Reason directs those who are truly pious and philosophical to honor and love only what is true, refusing to follow the opinions of the ancients, if these be worthless.
– 1st Apology, Chapter 2
This quote, while quite agreeable to Reform Unitarianism, is ironic in light of Justin’s strong reliance on Hebrew prophets and praise of them as more ancient than European philosophers.
[God] accepts those only who imitate the excellence which are in Him: temperance, justice, charity, and the virtues which are peculiar to a God who is called by no proper name.
– 1st Apology, Chapter 10
This is one of the many quotes in which Justin asserts the central principle of AUR: that God can have no proper name.
We reasonably worship him [Jesus], having learned that he is the Son of the true God Himself, and holding him in the second place, and the prophetic Spirit in the third.
– 1st Apology, Chapter 13
This expresses in good pre-Nicene language, the sequential triplicity of the One God, the Son of God, and the Spirit, rather than any sort of coeval trinity.

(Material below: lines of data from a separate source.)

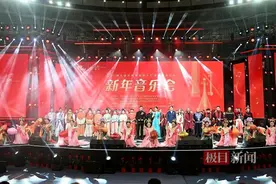 中国光谷举行新年音乐会，AI技术背后为观众“添热闹”图片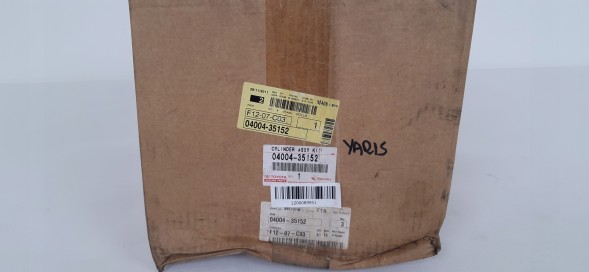 Toyota OE TOYOTA YARIS СЕРВО ГАЛЬМІВНИЙ НАСОС 04004-35152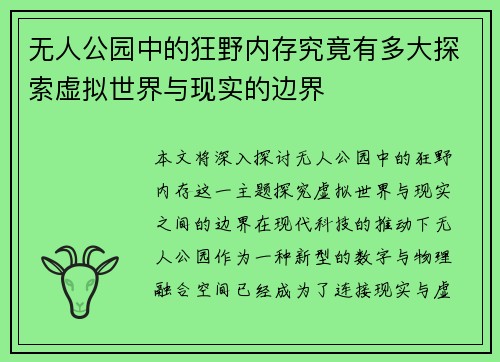 无人公园中的狂野内存究竟有多大探索虚拟世界与现实的边界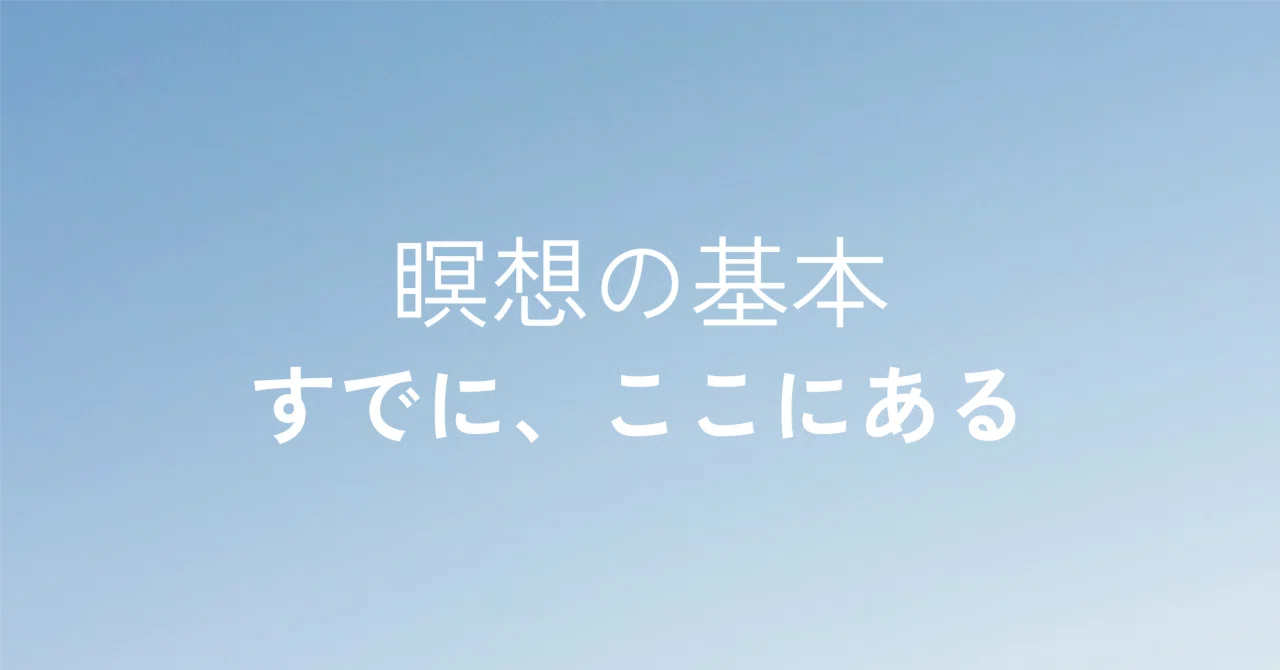 見出し画像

The Word, who is the first-born of God, was produced without sexual union.
– 1st Apology, Chapter 21
No one can utter the name of the ineffable God; and if anyone dares to say there is a name, he raves with hopeless insanity.
– 1st Apology, Chapter 61
To the Father of all, who is unbegotten, there is no name given, because if He were called any sort of name, the person who gives Him the name would be his elder. These words—Father, God, Creator, Lord, Master—are not names but appelations derived from His true deeds and functions.
– 2nd Apology, Chapter 6
There is, and there is said to be, another God and Lord subject to the Maker of all things, who is also called a messenger [angel] because he announces to humanity what the Creator of everything—above Whom there is no other God—wishes to announce to them.

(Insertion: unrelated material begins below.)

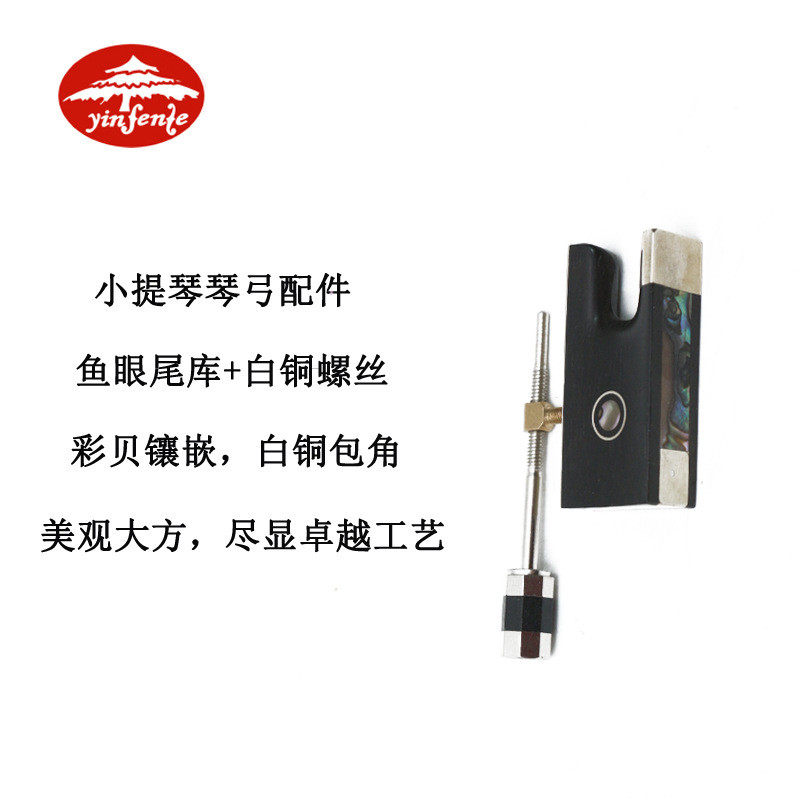 小提琴琴弓配件4-4乌木鱼眼马尾库彩贝镶嵌青铜螺丝琴弓专业配件,乐器/吉他/钢琴/配件,乐器周边,淘宝优惠券,粉丝福利购,淘宝优惠卷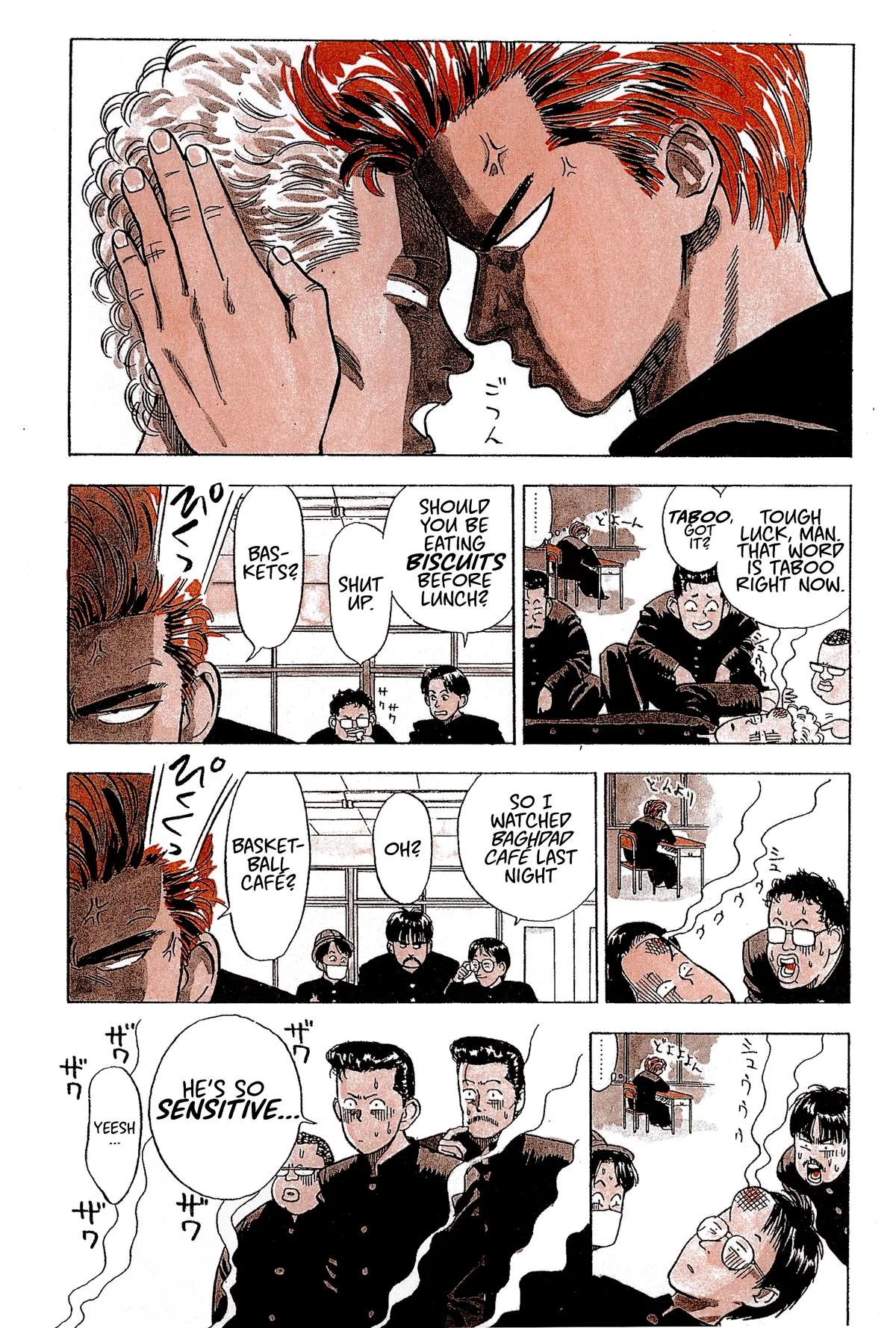 Slam Dunk, chapter 1, page 11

– Dialogue with Tryphon, Chapter 56
AUR understands the “first God” to be the true Unitary God while the so-called second “God” is merely called that due to its divine nature, as in the first verse of The Gospel of John, and in Philo’s theology. As Justin himself asserts, “God” is merely an appelation; terminology is not as important as the distinction between the single uncreated Creator and creatures. It is very clear from Justin’s writings that Christians of his day understood this “second God” (the Logos/Word/Son) to be subordinate to, and derived from, God the Father.